*Your objective*. A verbatim copy of the line containing "New York Jets" and all lines after it, up to and including the final line of the records, is the only acceptable output.

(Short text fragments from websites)
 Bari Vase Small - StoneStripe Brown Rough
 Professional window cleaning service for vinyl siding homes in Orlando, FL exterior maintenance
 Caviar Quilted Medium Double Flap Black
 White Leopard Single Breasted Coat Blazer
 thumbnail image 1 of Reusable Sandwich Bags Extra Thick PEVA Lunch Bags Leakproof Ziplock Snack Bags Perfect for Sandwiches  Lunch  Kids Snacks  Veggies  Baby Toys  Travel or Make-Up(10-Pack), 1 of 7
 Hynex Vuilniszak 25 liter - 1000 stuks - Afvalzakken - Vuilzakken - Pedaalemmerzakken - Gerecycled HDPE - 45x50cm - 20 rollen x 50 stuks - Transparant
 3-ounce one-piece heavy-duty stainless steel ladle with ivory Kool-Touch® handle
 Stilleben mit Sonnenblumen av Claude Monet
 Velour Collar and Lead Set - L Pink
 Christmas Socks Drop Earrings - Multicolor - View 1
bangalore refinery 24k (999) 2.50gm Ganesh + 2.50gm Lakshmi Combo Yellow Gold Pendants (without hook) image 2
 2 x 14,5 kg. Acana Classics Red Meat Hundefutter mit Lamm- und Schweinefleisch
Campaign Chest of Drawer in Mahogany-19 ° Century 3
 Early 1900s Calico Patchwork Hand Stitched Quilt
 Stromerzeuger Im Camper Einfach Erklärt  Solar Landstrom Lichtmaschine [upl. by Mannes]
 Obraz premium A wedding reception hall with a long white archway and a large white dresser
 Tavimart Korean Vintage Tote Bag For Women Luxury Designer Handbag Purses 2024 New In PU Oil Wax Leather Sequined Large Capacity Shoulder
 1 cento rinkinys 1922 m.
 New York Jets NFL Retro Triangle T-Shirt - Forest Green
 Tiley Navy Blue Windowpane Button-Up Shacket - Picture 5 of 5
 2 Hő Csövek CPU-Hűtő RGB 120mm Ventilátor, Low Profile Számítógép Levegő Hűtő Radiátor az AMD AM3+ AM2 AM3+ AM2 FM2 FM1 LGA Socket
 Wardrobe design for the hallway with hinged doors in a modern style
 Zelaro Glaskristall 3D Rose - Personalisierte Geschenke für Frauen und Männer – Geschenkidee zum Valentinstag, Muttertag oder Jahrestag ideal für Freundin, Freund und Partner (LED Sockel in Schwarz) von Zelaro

*Problem solution*.
 New York Jets NFL Retro Triangle T-Shirt - Forest Green
 Tiley Navy Blue Windowpane Button-Up Shacket - Picture 5 of 5
 2 Hő Csövek CPU-Hűtő RGB 120mm Ventilátor, Low Profile Számítógép Levegő Hűtő Radiátor az AMD AM3+ AM2 AM3+ AM2 FM2 FM1 LGA Socket
 Wardrobe design for the hallway with hinged doors in a modern style
 Zelaro Glaskristall 3D Rose - Personalisierte Geschenke für Frauen und Männer – Geschenkidee zum Valentinstag, Muttertag oder Jahrestag ideal für Freundin, Freund und Partner (LED Sockel in Schwarz) von Zelaro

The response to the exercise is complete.